Among the more substantial roles, Marcel Beekman combined audibility with baroque-trained agility and good diction. If that sounds like meagre praise, it’s because I couldn’t come to terms with his strange, adenoidal sound, the chesty buzz, it seemed to me, of a high tenor singing a bit too low.
Marie Perbost’s voice, as Fiorella, took a while to settle. It is round and liquid, but somehow patchy and blowzy - perhaps the frantic staging contributed to this - though with strong, columnar high notes. I preferred the more straightforward, firmer line, as Fragoletto, of Antoinette Dennefeld, someone whose glamour, vivacity and vocal suppleness I’ve already admired in productions of Cavalleria Rusticana, La Périchole (in which she starred), and Carmen.
As Le Comte de Gloria-Cassis, Philippe Talbot threw himself unsparingly into Kosky’s exasperatingly corny parody of Spanish swagger, which sinks as low as to use supposedly comical but potentially insulting cod Spanish, but sounded tired and stretched.

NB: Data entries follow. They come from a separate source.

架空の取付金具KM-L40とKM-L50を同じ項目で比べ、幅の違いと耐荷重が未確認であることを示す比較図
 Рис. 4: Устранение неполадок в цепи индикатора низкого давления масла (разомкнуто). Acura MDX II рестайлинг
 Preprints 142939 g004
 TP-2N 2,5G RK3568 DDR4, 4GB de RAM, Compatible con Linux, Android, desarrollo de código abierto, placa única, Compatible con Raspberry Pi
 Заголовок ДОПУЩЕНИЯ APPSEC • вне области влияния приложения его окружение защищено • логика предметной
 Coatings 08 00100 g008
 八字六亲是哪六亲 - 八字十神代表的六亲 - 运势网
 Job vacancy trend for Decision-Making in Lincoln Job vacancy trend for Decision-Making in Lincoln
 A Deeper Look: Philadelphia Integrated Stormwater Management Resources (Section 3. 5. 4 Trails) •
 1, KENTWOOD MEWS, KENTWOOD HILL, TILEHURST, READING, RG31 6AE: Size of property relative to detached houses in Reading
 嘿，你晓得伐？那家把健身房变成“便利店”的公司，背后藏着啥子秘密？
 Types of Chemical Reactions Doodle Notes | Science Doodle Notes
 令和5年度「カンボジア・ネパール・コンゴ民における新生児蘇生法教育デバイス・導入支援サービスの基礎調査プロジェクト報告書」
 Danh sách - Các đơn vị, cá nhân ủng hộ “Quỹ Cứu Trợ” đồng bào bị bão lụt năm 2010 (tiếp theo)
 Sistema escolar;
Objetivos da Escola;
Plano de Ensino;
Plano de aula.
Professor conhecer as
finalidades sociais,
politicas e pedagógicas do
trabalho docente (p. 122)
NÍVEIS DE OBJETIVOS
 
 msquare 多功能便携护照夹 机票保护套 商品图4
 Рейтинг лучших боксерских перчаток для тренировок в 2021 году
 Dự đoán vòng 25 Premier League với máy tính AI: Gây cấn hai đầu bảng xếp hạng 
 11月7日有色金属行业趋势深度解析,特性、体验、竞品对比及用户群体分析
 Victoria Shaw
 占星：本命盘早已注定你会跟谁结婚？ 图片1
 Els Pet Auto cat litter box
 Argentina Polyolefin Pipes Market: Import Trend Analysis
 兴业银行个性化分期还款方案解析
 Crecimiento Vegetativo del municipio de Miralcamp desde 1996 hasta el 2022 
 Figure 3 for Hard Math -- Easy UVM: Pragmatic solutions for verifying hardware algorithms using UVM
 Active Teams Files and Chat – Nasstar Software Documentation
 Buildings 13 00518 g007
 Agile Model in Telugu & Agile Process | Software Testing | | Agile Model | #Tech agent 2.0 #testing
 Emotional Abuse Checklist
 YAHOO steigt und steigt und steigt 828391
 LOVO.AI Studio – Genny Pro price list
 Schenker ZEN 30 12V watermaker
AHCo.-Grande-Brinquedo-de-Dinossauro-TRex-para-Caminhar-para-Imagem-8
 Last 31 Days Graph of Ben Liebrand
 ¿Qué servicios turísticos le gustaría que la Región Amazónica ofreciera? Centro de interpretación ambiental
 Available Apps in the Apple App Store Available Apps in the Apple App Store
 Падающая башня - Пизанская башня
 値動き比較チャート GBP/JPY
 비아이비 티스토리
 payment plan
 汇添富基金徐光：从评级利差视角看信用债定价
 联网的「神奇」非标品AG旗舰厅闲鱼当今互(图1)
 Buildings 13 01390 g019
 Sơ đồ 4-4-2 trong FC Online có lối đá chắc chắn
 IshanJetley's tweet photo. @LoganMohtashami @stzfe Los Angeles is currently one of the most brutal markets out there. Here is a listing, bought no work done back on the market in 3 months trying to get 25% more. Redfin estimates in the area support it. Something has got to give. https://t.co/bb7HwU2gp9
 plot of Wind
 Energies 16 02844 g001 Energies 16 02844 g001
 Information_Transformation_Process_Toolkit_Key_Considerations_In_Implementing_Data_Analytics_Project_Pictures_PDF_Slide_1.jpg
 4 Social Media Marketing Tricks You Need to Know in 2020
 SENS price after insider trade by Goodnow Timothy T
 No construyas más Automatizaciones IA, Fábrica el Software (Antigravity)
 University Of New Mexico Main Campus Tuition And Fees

Vocally, the star of the evening was, to me, Matthias Vidal as Le Duc de Mantou, near-equal in style and charisma to the ever-excellent Beuron.
The orchestra was in sprightly form under Michele Spotti, who incidentally conducted Laurent Pelly’s lovely production of Offenbach’s Barbe-Bleue from Lyon, starring Beuron, one I’ve sadly only seen on video. The chorus was also in fine fettle, though understandably with all the madcap kerfuffle on stage, there were times when it was all hard to keep together. Wearied by much of this relentlessly unfunny action - ‘Ça ne marche pas’ (it isn’t working) was my neighbour’s comment, more than once, while I tried to persuade him to stay on - there were times, too, I must admit, when I just focused on the music and ignored the kerfuffle.
*****
From 'raph13' on ODB Opéra:
'Barrie Kosky's madcap production, with its wild costumes, is a kind of gigantic, wacky, juvenile farce. However, the almost constant hysteria becomes tiresome, as does the screaming and shouting at every turn. The rewriting of the dialogues gives the opportunity for a few jabs at the government, but at times it feels like the Théâtre des Deux Ânes* (particularly during the cashier's long monologue, which is also badly amplified) (...) Above all, I wonder what this work is doing at Garnier, given that the vast majority of the cast have a vocal make-up more suited to the Opéra-Comique; you often have to strain your ears. However, the energy displayed and the lively choreography are a hit with the young audience, who give the artists a warm standing ovation.’
*A 300-seat theatre on the boulevard de Clichy where the old Montmartre tradition of satirical cabaret lives on.
Note: an edited version of this post may be published on Parterre.com.